親爺は今から十五年ほど前に結婚したのだそうです。彼はいろいろ考えた。考えた揚句、こういう作戦をたてた。
毎夜、彼は仕事のあと、一杯のみに外に出かけて家に戻ると、自分が酒場やキャフェの女給にいかにもてたかと女房に話してきかせたのである。デタラメ、駄ぼら、何でも並べたててモテて、モテてかなわんと言いつづける。はじめのころ、女房は眼を三角にしてリン気を起した。
「ですがね。ある日、俺は友だちのデデにたのんで女房のスジイに、こう、そっと言ってもらいましたよ」
悪友のデデは彼に言われた通り、スジイの所にやってきて、親爺の作戦どおり、何気なくこういう言葉を洩らした。
「あんたの亭主はね、どこの酒場やキャフェにいっても、さっぱり女の子にもてん男だよ」
その夜から、親爺が相変らず女の子にモテてモテてと吹いても、彼の女房はフフンのフン、見むきもしない。やきもちをやく代りに、このどこに行ってもモテぬ亭主のホラを馬鹿にしたような顔できいている。(いい気なもんだよ、外じゃ女の子にモテぬから、あたしにはこんなホラをふいているのさ)彼女の顔には亭主を軽蔑する色がありありと浮かびはじめました。

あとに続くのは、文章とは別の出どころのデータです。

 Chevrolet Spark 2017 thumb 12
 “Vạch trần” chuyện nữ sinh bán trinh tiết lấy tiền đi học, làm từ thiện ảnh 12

「さあ、それからは勝負はこっちのものでさ」親爺はますます得意気に杯をのみほして「あっしは、どこかの女と浮気をしたあとね、女房に浮気してきたぜと言うんですがね、女房が信じねえんだから」
「なるほど」
「あっしが女にはモテねえから、また、例のウソとホラをついていると思ってまっさ。こちらにはシメたもんだよ」
「でも真相がバレたらどうするんです」
「言ってやりますよ。俺はお前に何もかくさなかったってさ。あの時話したじゃないかって、そのこちらの話をバカにして信用しなかったのは、お前のせいで、俺は正直正兵衛だったとね」
柳生流の極意、身をきらして骨を切る法と、佐々木巌流のツバメ返しの男だとホトホト感心しました。
今日もこれをかいている部屋の下で、
「ルイ……ルイ、またテレビを見ている」内儀のがなりたてる声がきこえます。そんな時、親爺はぼくが居あわせると、片眼をつぶって合図するのです。
「ね、女房とはロバのように馬鹿で単純なものでさ」
彼はなにも知らぬ彼の妻を横眼でみながら、ニヤッと笑っているわけです。